*Work to complete*: Below are lines of data, and only some are wanted. Please repeat exactly those from the line that has "POHICK VILLAGE - Residential Lease" through the line that has "Property building in Hotel Portón del Sol".

*Given records*:
· · · · · · ·
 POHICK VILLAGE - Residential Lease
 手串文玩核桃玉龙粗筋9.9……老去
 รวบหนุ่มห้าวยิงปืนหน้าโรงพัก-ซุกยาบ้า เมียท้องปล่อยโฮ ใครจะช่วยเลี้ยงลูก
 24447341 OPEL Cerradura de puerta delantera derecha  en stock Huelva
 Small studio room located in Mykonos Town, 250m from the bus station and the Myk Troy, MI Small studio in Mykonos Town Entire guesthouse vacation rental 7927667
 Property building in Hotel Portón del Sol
· · · · · · ·
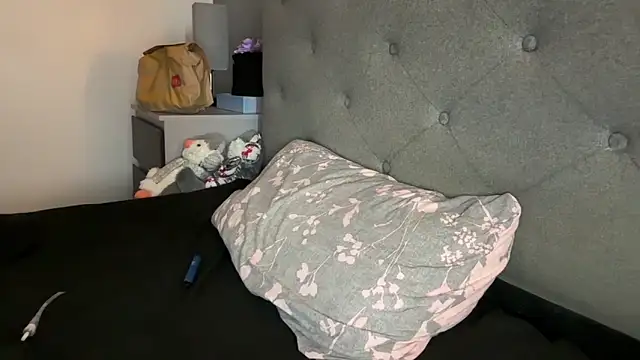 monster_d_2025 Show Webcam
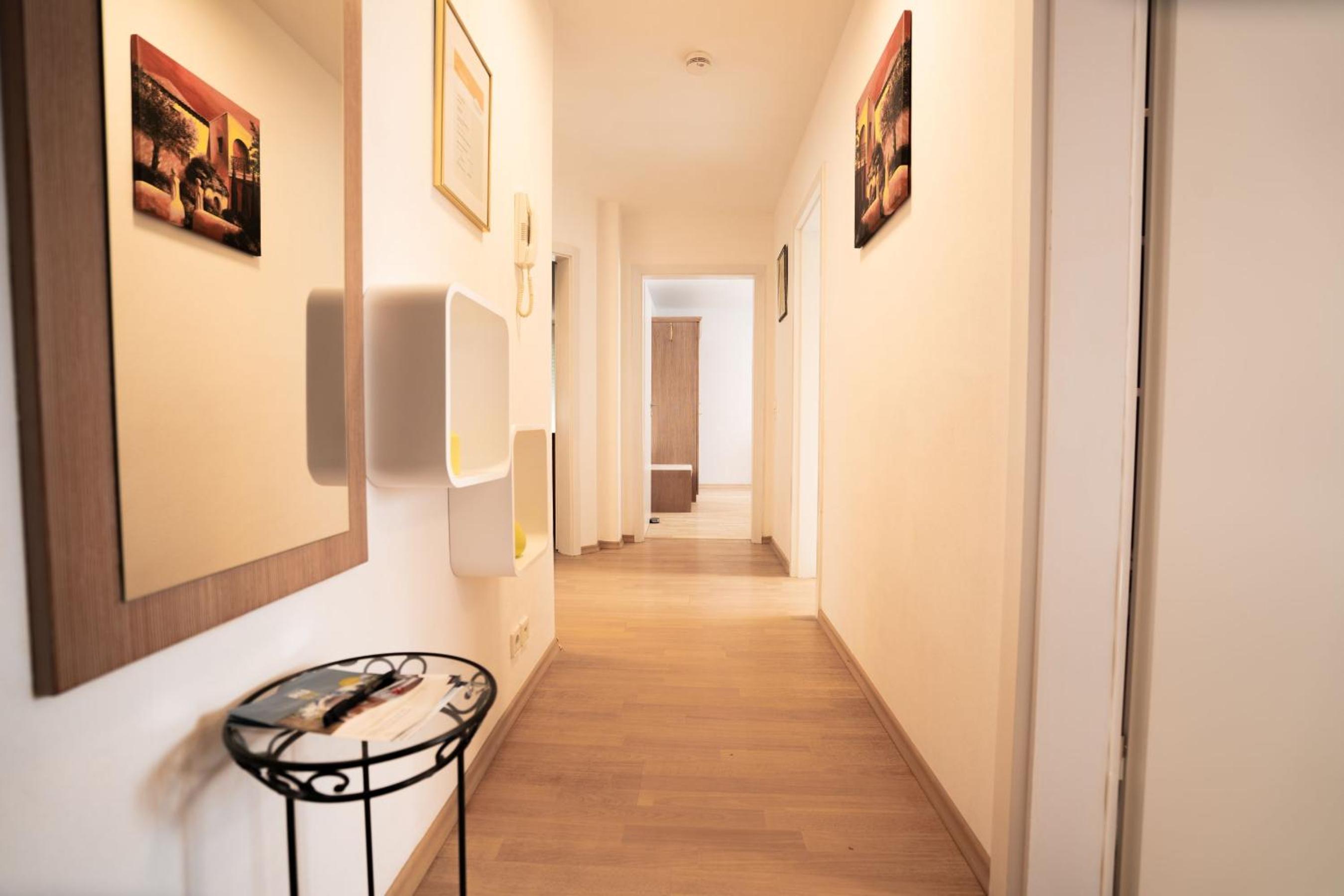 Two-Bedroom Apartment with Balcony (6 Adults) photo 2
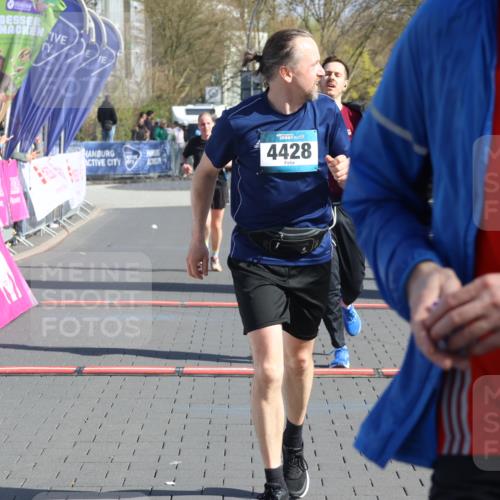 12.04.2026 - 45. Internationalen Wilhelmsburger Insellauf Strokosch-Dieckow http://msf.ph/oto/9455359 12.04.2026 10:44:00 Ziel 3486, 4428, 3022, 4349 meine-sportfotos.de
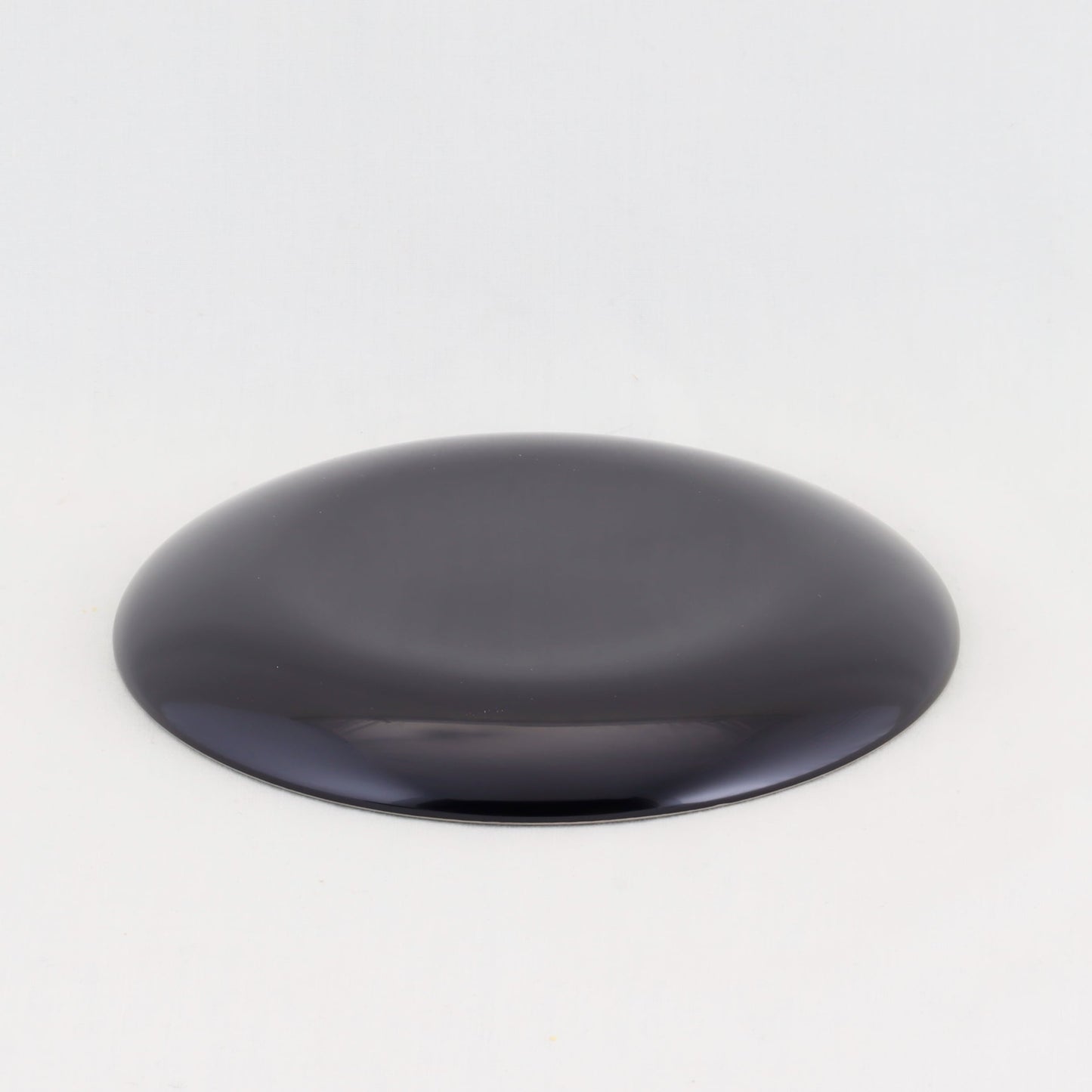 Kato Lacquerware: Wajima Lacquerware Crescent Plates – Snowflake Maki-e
· · · · · · ·
*Written answer*:
 POHICK VILLAGE - Residential Lease
 手串文玩核桃玉龙粗筋9.9……老去
 รวบหนุ่มห้าวยิงปืนหน้าโรงพัก-ซุกยาบ้า เมียท้องปล่อยโฮ ใครจะช่วยเลี้ยงลูก
 24447341 OPEL Cerradura de puerta delantera derecha  en stock Huelva
 Small studio room located in Mykonos Town, 250m from the bus station and the Myk Troy, MI Small studio in Mykonos Town Entire guesthouse vacation rental 7927667
 Property building in Hotel Portón del Sol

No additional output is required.